Hilcorp plans for work to start Oct 20 and for it to be completed in April 2026. What is planned is a new 300 ft.-by-400 ft. gravel pad, the “Happy Valley Middle Pad,” as well as a new 3-mile gravel access road, two gas wells drilled from the new pad.

An additional well will be drilled to supply fresh water. There will also be related facilities like gas flowlines, electrical instrumentation, separators and other equipment to support production.

On a nearby project Hilcorp also received approval to install a pipeline to produce gas from its new Whiskey Gulch gas project near Anchor Point, also on the Kenai Peninsula on Cook Inlet’s east side. A 4,000-foot, 6-inch diameter will connect the Whiskey Gulch production pad to a nearby Enstar Natural Gas Co. pipeline.

In a third new gas development will be at the small Pretty Creek gas field, this one on Cook Inlet’s west side. At Pretty Creek Hilcorp will build its new “Diamond” production pad that will support five new production wells. The location is about nine miles northeast of the Beluga airport.

All three of these involve drilling into known gas deposits, which are relatively small, but Hilcorp also plans to drill two new exploration wells on newly-acquired state leases near Kenai on the Inlet’s east side. Success at these could help bring the small nearby Sterling gas field back into production.

The company also has plans for new gas exploration in the small North Fork field area east of Anchor Point. Hilcorp purchased assets in the area from two small companies, Vision Resources and Anchor Point Energy. The North Fork gas deposit has seen limited drilling and production, and has produced gas through a pipeline built to connect with Enstar’s pipeline near Anchor Point. Hilcorp believes North Fork has additional potential.

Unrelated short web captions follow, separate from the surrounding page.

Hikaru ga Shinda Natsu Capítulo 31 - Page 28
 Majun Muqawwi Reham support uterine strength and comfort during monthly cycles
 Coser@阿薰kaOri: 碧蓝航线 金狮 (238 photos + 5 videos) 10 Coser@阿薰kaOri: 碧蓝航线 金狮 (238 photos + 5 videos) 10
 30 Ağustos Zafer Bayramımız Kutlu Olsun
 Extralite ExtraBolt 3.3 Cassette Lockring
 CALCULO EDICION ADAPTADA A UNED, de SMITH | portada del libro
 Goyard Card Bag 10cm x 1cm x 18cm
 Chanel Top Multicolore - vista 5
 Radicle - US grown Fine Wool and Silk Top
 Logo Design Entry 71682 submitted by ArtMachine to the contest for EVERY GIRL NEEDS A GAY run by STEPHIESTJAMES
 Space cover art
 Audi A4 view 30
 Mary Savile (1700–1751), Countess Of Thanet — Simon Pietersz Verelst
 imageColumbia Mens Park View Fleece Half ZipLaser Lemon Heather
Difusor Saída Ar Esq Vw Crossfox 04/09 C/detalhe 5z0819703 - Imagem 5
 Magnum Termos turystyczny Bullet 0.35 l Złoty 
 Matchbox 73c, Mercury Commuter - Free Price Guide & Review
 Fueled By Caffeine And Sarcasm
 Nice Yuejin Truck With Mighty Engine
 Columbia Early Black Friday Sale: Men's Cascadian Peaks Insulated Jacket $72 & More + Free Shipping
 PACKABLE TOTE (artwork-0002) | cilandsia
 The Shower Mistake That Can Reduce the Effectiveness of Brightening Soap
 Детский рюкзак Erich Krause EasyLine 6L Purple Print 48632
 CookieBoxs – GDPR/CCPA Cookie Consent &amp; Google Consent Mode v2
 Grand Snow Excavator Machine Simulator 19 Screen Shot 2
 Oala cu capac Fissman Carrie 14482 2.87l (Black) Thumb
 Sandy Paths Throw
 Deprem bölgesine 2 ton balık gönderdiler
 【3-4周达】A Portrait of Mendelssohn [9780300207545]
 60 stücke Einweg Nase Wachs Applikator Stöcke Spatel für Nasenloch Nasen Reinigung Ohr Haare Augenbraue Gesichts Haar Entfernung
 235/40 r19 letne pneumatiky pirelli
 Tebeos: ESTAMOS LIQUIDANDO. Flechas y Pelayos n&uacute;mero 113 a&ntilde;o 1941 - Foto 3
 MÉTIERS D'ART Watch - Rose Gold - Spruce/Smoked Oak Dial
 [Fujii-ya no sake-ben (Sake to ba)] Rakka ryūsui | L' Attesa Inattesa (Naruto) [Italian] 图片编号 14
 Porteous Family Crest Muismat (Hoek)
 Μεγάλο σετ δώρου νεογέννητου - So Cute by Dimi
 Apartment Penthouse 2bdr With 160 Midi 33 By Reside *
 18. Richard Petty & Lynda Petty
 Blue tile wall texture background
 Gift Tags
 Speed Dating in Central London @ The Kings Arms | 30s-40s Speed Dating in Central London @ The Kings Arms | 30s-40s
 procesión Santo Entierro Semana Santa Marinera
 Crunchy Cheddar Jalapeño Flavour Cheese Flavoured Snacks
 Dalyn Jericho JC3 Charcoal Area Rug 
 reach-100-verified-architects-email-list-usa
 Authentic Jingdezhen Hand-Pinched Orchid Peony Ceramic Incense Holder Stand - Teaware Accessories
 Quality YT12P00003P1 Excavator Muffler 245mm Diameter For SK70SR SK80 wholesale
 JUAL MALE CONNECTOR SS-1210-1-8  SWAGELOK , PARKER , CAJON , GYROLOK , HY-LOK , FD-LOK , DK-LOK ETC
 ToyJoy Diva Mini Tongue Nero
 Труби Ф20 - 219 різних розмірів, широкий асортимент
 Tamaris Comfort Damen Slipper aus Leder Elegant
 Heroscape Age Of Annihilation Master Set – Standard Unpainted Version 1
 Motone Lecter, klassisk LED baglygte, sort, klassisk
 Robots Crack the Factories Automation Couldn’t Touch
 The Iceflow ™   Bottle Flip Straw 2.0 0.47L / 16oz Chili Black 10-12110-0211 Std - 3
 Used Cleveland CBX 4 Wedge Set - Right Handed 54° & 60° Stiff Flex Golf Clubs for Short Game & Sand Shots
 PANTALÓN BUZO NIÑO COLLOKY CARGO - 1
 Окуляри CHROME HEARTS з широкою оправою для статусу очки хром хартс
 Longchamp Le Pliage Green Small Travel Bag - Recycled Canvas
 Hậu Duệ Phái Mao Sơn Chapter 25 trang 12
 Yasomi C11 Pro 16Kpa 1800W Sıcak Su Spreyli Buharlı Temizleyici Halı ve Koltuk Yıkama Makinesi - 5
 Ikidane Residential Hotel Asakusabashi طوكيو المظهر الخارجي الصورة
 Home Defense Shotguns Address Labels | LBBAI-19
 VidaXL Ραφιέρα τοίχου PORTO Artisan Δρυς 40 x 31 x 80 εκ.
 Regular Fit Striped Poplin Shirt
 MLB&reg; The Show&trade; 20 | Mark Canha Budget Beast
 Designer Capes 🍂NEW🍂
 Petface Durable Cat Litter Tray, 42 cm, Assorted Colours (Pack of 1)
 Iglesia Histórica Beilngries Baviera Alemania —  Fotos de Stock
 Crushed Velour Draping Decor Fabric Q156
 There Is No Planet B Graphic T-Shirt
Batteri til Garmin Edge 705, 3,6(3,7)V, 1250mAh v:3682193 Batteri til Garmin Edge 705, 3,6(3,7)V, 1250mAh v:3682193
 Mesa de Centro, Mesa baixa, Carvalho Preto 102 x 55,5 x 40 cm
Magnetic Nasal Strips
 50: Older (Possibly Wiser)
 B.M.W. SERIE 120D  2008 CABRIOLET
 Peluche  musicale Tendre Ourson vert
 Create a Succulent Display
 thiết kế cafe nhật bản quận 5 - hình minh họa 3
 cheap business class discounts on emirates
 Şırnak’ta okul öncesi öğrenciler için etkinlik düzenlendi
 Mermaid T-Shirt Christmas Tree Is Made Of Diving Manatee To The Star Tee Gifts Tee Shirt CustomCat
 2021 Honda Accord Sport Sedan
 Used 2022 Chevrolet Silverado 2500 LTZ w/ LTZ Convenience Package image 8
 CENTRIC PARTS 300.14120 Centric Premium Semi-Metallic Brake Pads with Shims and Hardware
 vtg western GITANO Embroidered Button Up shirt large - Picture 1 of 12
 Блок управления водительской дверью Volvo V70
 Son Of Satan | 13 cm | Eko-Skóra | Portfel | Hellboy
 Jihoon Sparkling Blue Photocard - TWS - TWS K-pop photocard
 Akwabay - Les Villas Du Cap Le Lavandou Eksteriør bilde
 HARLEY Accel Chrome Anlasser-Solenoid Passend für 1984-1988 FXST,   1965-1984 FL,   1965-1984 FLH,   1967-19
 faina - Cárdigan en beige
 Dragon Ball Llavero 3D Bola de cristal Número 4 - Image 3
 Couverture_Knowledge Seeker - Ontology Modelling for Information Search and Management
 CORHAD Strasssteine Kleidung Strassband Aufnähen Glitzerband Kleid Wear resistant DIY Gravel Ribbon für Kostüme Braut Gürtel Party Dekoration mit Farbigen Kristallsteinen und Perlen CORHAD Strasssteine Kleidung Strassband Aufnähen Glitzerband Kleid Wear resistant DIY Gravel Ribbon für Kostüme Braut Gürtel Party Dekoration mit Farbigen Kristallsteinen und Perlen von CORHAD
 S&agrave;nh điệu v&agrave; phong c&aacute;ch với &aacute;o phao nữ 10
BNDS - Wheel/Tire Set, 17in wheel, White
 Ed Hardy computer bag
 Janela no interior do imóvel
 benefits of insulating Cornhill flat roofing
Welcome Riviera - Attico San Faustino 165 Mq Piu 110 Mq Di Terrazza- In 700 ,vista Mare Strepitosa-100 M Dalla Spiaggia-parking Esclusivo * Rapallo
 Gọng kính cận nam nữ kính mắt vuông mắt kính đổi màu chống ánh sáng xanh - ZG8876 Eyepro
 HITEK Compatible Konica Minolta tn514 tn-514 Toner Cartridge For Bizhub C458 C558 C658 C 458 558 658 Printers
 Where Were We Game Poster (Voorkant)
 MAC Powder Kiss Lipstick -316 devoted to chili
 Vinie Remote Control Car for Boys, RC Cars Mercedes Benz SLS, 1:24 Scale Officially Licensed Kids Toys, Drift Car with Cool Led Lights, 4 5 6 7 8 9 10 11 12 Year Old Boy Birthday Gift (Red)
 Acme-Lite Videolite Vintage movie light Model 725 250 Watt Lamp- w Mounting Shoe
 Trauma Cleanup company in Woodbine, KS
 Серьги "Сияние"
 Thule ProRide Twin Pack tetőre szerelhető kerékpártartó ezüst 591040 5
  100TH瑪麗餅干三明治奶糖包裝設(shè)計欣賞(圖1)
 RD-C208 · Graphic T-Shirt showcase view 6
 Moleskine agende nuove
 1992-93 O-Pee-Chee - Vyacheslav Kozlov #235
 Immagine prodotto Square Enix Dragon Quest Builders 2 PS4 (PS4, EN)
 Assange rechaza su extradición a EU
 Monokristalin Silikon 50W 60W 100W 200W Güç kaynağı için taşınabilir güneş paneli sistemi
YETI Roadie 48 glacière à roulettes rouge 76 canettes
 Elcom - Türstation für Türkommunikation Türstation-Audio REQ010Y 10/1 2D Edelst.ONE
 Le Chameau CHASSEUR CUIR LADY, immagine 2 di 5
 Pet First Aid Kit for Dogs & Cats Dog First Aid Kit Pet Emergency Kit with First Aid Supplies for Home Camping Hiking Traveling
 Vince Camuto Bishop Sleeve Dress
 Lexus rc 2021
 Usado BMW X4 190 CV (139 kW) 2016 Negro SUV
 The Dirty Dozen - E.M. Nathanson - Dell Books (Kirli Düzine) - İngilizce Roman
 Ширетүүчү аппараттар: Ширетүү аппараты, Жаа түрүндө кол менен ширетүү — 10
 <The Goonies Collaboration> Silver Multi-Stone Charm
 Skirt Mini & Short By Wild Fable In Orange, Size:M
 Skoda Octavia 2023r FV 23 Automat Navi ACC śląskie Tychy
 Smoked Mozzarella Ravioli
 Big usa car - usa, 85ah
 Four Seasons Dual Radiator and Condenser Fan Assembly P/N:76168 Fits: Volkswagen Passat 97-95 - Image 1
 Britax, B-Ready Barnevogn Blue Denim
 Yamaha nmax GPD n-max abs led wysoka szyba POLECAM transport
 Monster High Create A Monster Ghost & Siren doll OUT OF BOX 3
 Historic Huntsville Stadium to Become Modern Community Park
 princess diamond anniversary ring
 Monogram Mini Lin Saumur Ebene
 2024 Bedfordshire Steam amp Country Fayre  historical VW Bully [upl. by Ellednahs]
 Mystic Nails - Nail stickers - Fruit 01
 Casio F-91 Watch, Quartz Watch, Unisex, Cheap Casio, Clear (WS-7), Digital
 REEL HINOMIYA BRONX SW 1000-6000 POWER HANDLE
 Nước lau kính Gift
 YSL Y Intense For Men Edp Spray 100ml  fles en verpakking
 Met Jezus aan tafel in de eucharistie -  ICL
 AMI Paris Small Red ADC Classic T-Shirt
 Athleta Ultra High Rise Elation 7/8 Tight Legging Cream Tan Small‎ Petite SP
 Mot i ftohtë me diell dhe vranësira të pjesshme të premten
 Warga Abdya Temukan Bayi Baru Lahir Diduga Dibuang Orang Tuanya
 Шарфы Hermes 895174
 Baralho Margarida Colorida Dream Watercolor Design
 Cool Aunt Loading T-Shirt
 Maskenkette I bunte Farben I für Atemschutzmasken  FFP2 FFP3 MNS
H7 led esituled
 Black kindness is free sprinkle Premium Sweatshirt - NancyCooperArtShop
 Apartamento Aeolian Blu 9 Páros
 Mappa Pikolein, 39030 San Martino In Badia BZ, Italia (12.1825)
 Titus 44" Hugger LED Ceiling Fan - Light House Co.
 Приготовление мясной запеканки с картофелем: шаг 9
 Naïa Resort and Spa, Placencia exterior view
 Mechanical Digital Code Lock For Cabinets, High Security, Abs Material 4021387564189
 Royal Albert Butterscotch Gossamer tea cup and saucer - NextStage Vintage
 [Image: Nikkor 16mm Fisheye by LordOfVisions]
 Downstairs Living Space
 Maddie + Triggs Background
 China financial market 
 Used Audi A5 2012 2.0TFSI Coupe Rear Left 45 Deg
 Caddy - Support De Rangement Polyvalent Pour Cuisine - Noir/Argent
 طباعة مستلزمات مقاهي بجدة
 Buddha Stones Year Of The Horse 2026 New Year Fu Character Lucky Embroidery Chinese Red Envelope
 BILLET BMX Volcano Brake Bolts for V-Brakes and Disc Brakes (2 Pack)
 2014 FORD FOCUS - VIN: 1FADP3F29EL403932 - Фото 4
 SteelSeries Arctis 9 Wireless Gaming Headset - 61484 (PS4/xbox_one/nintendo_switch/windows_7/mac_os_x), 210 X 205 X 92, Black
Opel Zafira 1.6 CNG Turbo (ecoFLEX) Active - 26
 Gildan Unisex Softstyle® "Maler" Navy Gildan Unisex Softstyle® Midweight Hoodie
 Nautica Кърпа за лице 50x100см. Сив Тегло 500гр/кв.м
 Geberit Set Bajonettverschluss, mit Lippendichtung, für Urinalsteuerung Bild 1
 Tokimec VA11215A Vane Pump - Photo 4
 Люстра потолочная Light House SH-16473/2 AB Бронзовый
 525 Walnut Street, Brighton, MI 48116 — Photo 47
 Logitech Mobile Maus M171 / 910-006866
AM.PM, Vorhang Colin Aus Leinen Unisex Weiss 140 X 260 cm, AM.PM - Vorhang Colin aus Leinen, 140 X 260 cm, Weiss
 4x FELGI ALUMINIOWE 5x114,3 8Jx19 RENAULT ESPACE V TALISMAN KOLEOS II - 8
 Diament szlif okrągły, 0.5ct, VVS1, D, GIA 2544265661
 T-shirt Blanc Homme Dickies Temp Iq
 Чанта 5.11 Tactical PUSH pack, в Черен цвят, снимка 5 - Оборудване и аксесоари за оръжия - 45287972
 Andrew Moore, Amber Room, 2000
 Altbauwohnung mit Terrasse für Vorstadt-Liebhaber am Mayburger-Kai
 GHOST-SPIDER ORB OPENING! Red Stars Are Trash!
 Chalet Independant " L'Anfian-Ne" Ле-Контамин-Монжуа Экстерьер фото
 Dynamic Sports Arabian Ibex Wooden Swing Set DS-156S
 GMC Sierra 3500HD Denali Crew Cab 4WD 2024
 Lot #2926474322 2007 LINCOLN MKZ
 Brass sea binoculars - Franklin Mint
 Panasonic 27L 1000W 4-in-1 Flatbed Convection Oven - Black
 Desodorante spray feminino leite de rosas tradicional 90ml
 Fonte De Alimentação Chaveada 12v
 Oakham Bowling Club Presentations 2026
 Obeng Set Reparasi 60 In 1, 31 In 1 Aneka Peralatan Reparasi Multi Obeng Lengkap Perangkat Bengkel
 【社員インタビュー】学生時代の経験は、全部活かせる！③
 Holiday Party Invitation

Hilcorp is also doing continued drilling in its existing gas fields in Cook Inlet to add incremental reserves shore up declining production, Hilcorp said in a presentation to the state Legislature last January. This included 21 new wells in 2024 and 18 wells in 2023. The company plans a steady program of 15 to 20 wells per year going forward, Hilcorp told legislators in January.

Hilcorp has invested $1 billion in drilling 174 wells and producing 700 billion cubic feet of gas since it began operations in Cook Inlet in 2012 after purchasing aging gas fields from Chevron Corp. and Marathon Oil Co.

Locally-owned HEX Alaska is now planning four new gas wells at its Allegra Leigh platform (formerly Julius R.) in the Kitchen Lights field after the company drilled two successful wells this year. The company is currently making modifications at the platform so that additional wells can be drilled. More gas wells are planned in 2027, HEX has said.

HEX is a small company, so the Alaska Industrial Development and Export Authority, or AIDEA, the state’s development finance corporation, has stepped in to help the company finance its new drilling work.

AIDEA is also discussing financing with BlueCrest Energy of the undeveloped gas deposit at the Cosmopolitan offshore field.